===== RECORDED INFORMATION

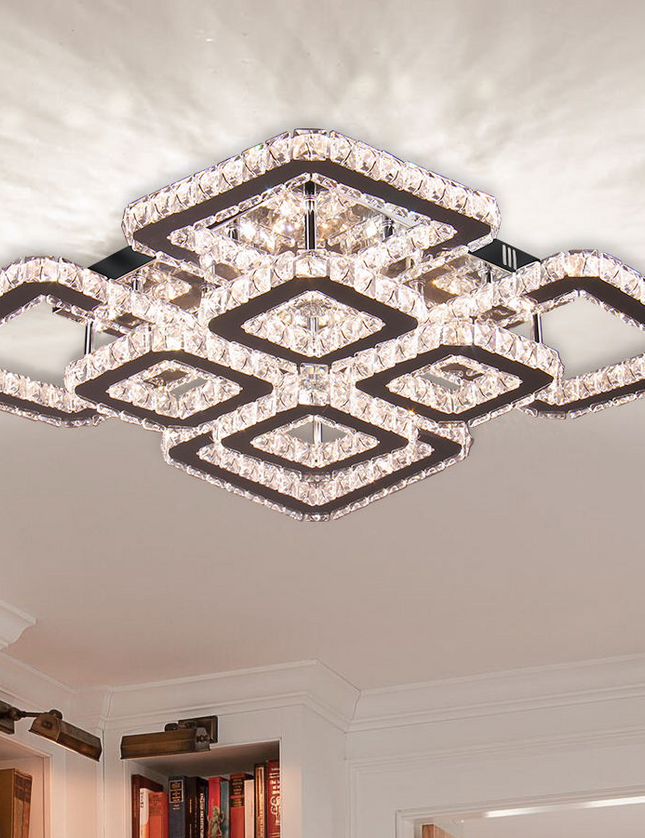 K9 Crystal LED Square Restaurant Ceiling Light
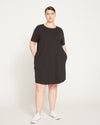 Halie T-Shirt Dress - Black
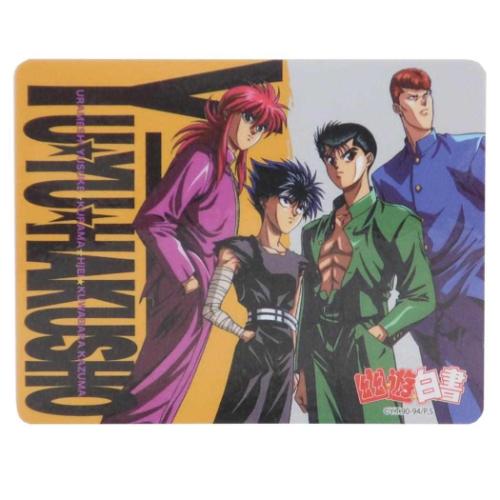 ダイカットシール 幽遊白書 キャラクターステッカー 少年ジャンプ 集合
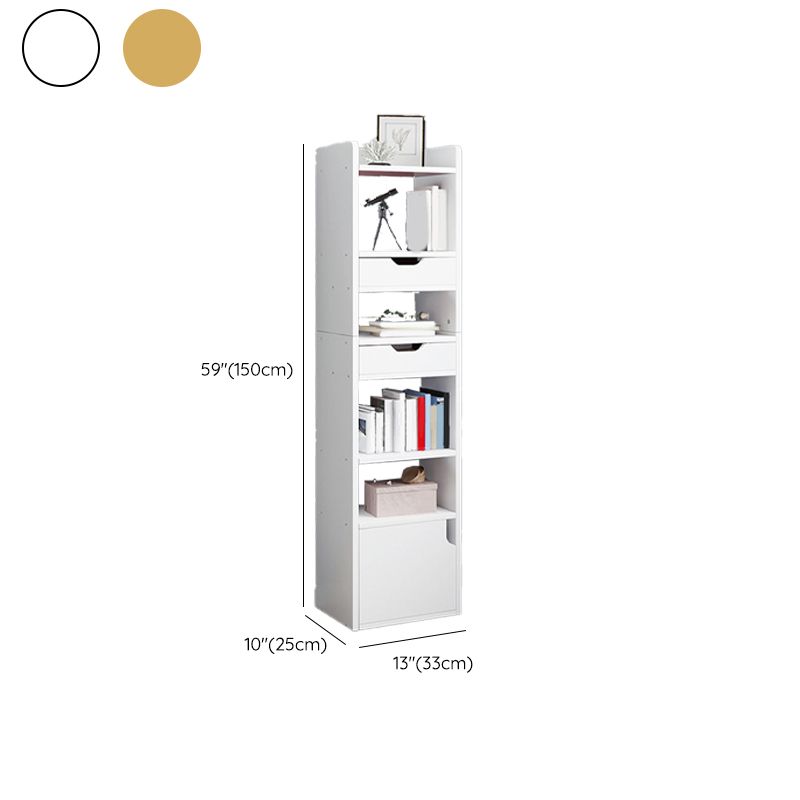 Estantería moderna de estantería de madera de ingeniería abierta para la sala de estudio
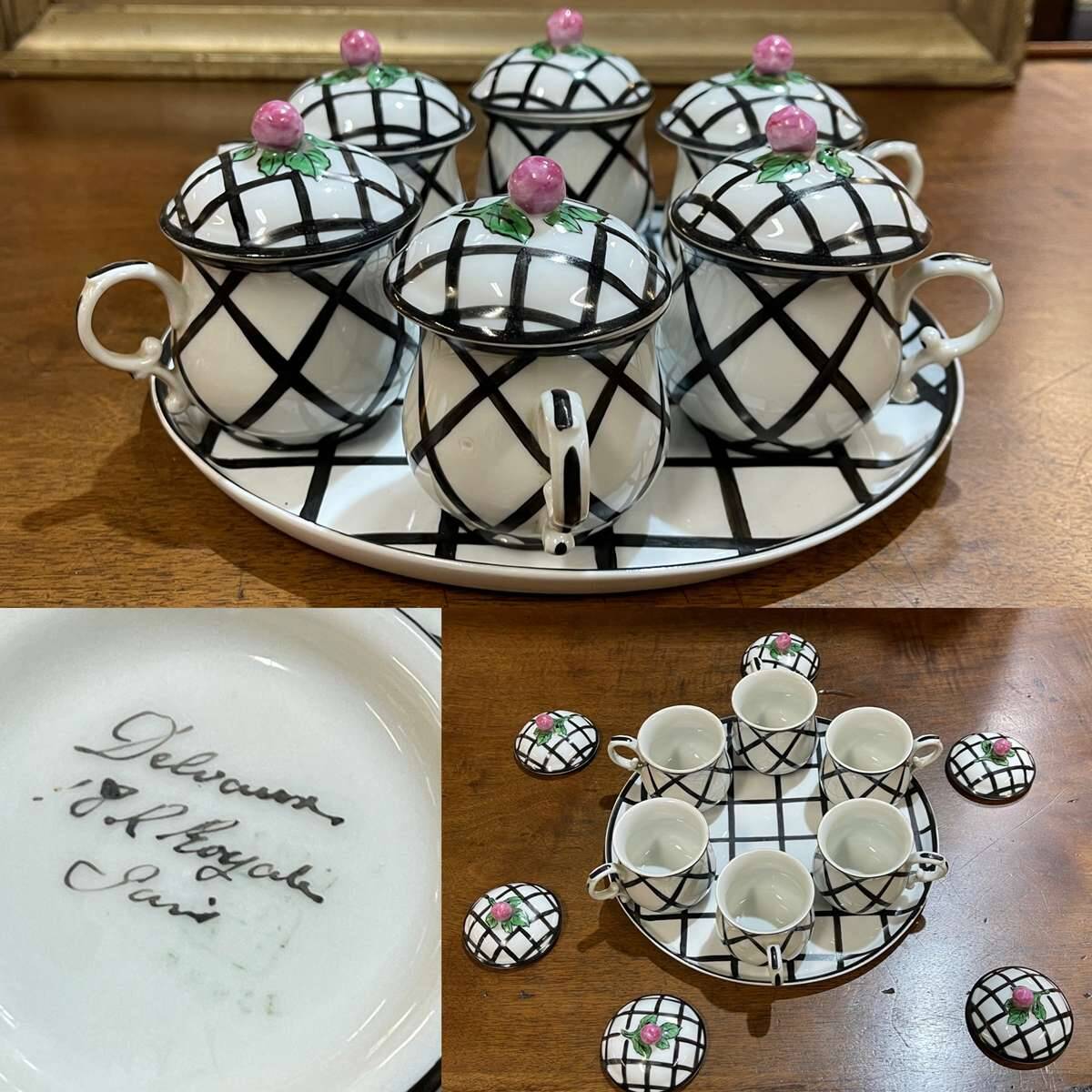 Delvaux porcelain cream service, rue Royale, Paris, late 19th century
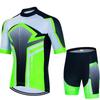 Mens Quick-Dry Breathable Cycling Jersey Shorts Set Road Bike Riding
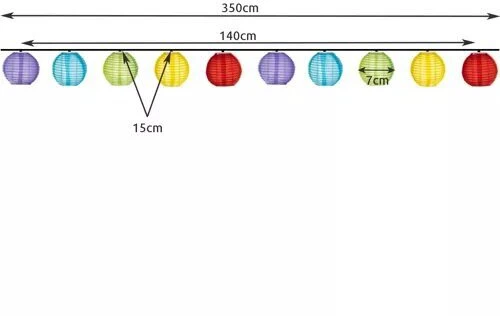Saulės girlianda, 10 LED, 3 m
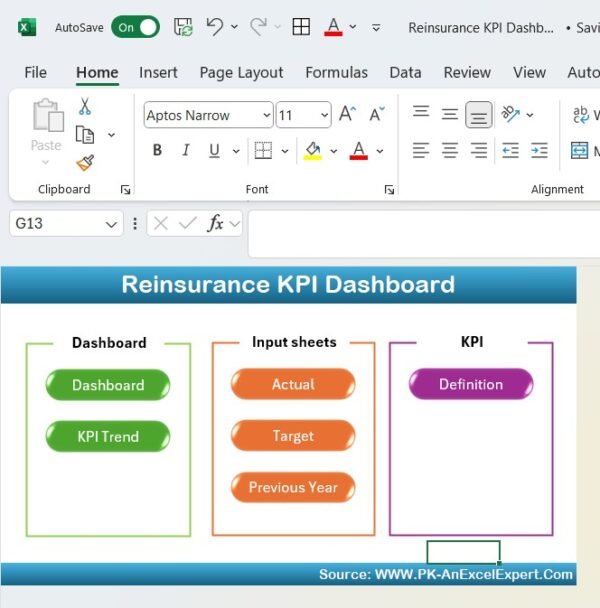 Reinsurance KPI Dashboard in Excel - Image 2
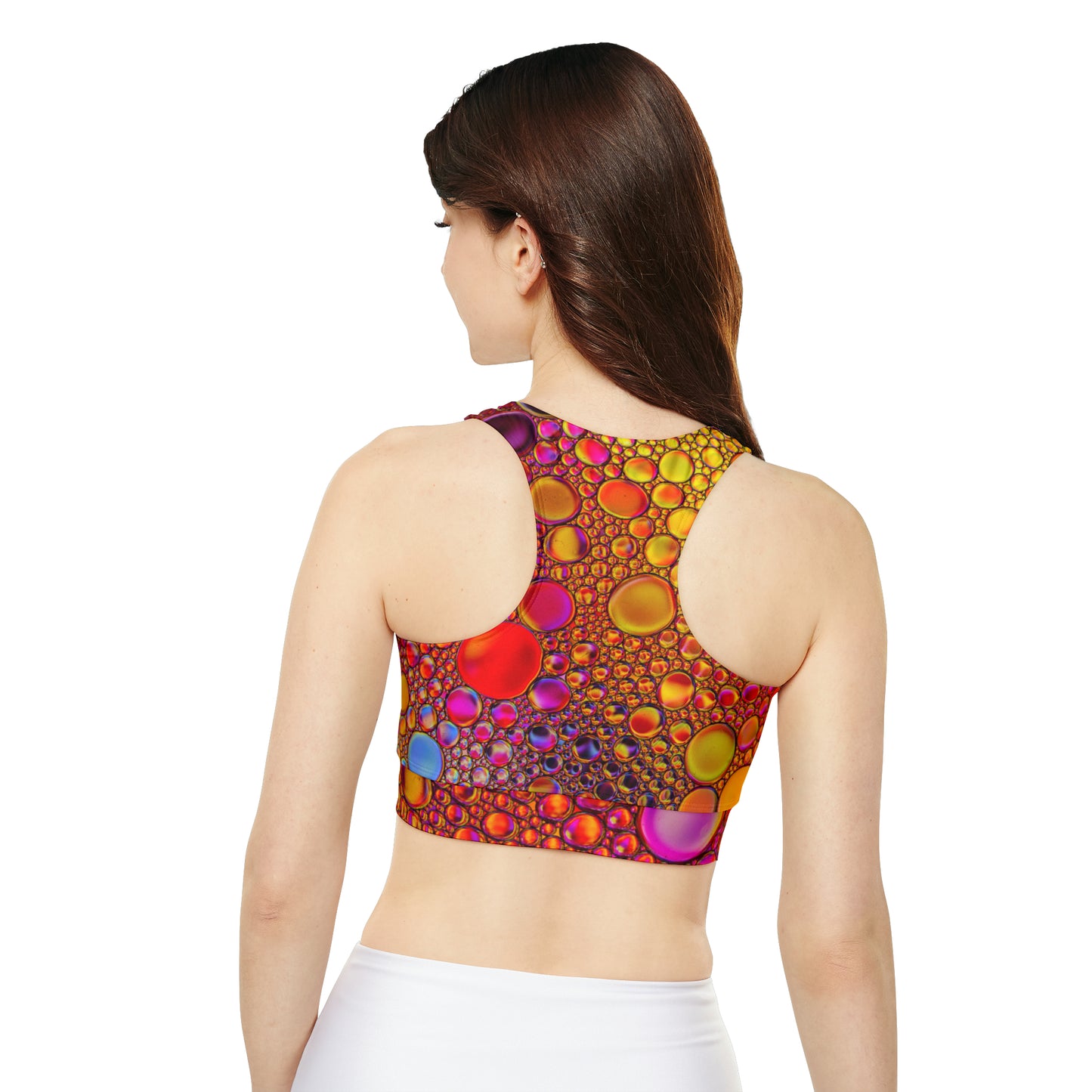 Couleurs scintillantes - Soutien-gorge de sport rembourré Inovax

==========

WHAT TO DO –
All of the lines above should be retyped precisely, apart from the pictures.

TASK SOLUTION –
 K9 Crystal LED Square Restaurant Ceiling Light
 Halie T-Shirt Dress - Black
 ダイカットシール 幽遊白書 キャラクターステッカー 少年ジャンプ 集合
 Estantería moderna de estantería de madera de ingeniería abierta para la sala de estudio
 Delvaux porcelain cream service, rue Royale, Paris, late 19th century
 Mens Quick-Dry Breathable Cycling Jersey Shorts Set Road Bike Riding
Saulės girlianda, 10 LED, 3 m
 Reinsurance KPI Dashboard in Excel - Image 2
 Couleurs scintillantes - Soutien-gorge de sport rembourré Inovax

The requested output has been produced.